Modi n'est pas encore à terre, loin de là, mais l'agenda politique commence à lui échapper pour passer dans les mains du soulèvement paysan qui hisse le drapeau de la démocratie directe populaire contre le pouvoir des groupes capitalistes et de leurs représentants.

Les barrages de la police autour de Dehli, où se retranche le gouvernement depuis plus d’un mois.

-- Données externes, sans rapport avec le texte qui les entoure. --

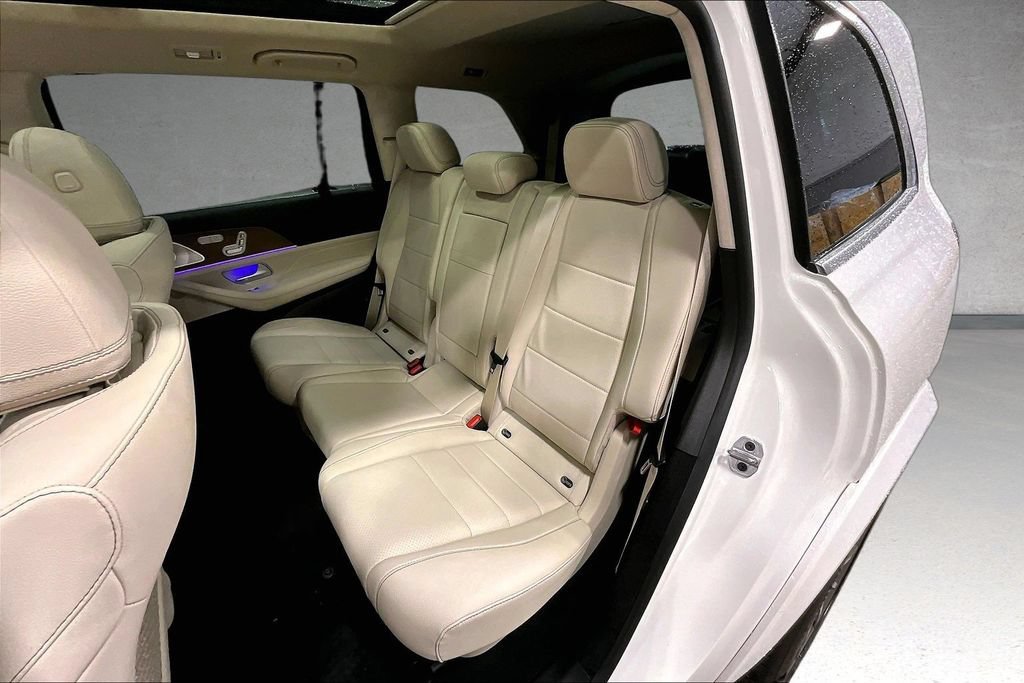 Used 2023 Mercedes-Benz GLS 450 4MATIC image 22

Le 31 janvier, Rakesh Tikait a également déclaré que les jours actuels sont des journées d'un combat idéologique contre le gouvernement qui nécessitent moins que les gourdins, l'argumentation militante renforcée dans la rue et en porte à porte pour convaincre des millions et des millions d'indiens que leur combat est celui de sauver l'Inde. Aussi le SKM (Front Uni Paysan qui anime le soulèvement) a-t-il renoncé à la marche sur le Parlement le 1er février (avec une discussion pour manifester éventuellement le 3 février, jour où est organisée par des organisations démocratiques de Delhi une manifestation pour la libération de journalistes emprisonnés) qu'il avait annoncé le 25 janvier au soir parce qu'il trouve cette marche prématurée dans l'ambiance créée par les calomnies lancées par la grande presse. Aussi il appelle plutôt pour le moment au renforcement de la mobilisation générale par des Panchayats partout et une montée plus massive encore sur Delhi, meilleure manière de combattre les calomnies et de montrer dans les faits par le rapport de force où se trouve la vérité.